Christine Corday artist talk: Thingly Affinities: Christine Corday.
3 comments:
Christine, this was an unforgettable presentation. There were so many points of resonance for me in these 90 minutes. Thank you for sharing, openly and articulately.
Charlene used a wonderful word to describe your language and point of view: fresh. That’s another way of saying your authenticity is unquestioned and in tact.
Intimacy is indifferent to scale.
Material phases of suns.
How to observe what you cannot see.
Objects that defy objecthood.
Art without being an artist.
We are all looking at the same clay.
Happy to be alive in the down cycle (or up cycle) of shared material, shared disciplines.
This all speaks to a deeply devotional practice.
Scale was a term used many times in your presentation. Your projects and explorations operate at a level that is rarefied and larger than life. Meanwhile many of us are working at a very different place on the scale spectrum. I am now considering what outcomes I can achieve that are, like intimacy, indifferent to scale. It is a useful and clarifying question to ask, one inspired by your words.
Yes to all that, Deborah -- Christine is such an inspiration. As I said last night, one of the things I so admire about her is her determination to bring art back out into the real world - out beyond the petty concerns of the soulless and obsolescing gallery system and into the larger cultural sphere, where it can actually make a difference. (I say "back out" because "out" is indeed where art originated: out there in the larger community, a shared cultural force belonging to everyone and of which everyone partook.) One of her favorite phrases is "art as cultural infrastructure." This is exactly what I envision for a posthumanist art -- an approach to art that is other-oriented, out-oriented, oriented away from the self and toward our shared beinghood as Earthlings, where "Earthling" extends beyond the human to include all that is of the earth that is nonhuman too. Christine's ITER project speaks so beautifully to this idea. Humble, anonymous, and deeply interdependent with all the other parts, her little bolt sits tucked into that enormous structure, unseen and unheard, yet spreading its symbolic resonance through the enterprise as a whole. Art with a capital A as the 36th participating country: can you imagine how much this has inspired all the other countries involved? And I can guarantee that it's revised more than a few assumptions about art long held by people who have no familiarity with what we do and why.

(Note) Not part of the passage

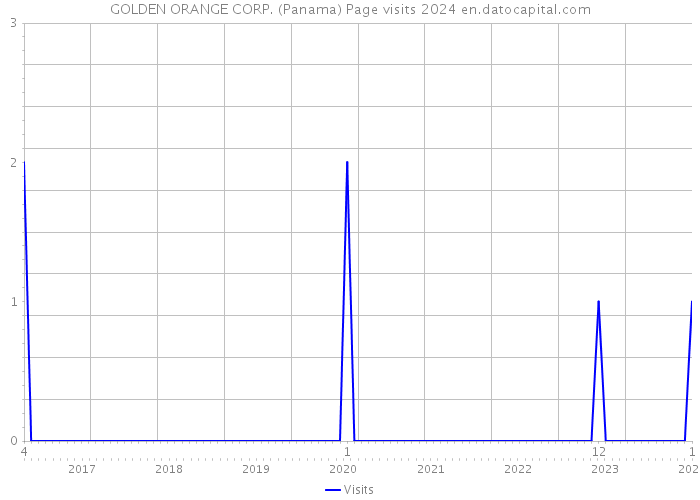 GOLDEN ORANGE CORP. (Panama) Page visits 2024 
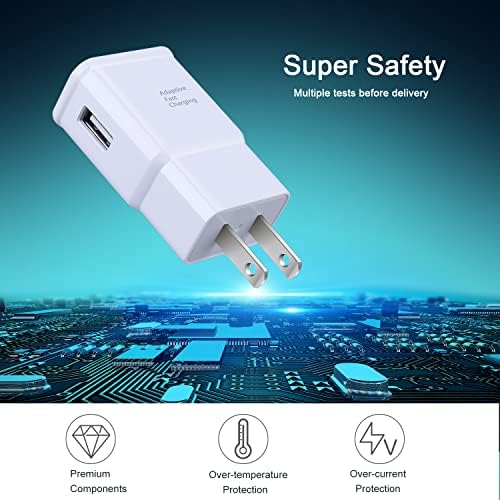Qihop Adaptive Fast Charging USB Wall Charger 4-Pack – Ultra-Compact Travel Adapter for Samsung Galaxy & i Phone – High-Speed Power Delivery with Enhanced Safety Features for On-the-Go Charging Efficiency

Taney, That's a wonderful summation of one of the many highlights from Christine's presentation.Thank you for pulling it together so succinctly.
I have been thinking about the presentation steadily over the last 24 hours, and now new questions are coming to the surface. I would so appreciate hearing Christine talk about the tension/relationship/confluence that exists between logical cognition and intuition in how to chart the next project, how to determine the direction of one's work.
I know those are loaded terms, so perhaps I can phrase it another way that most artists will recognize: How do you decide when to follow those inchoate urges rather than the logical/strategic mind, and vice versa? With so many project possibilities to consider, how do you go about choosing your next step?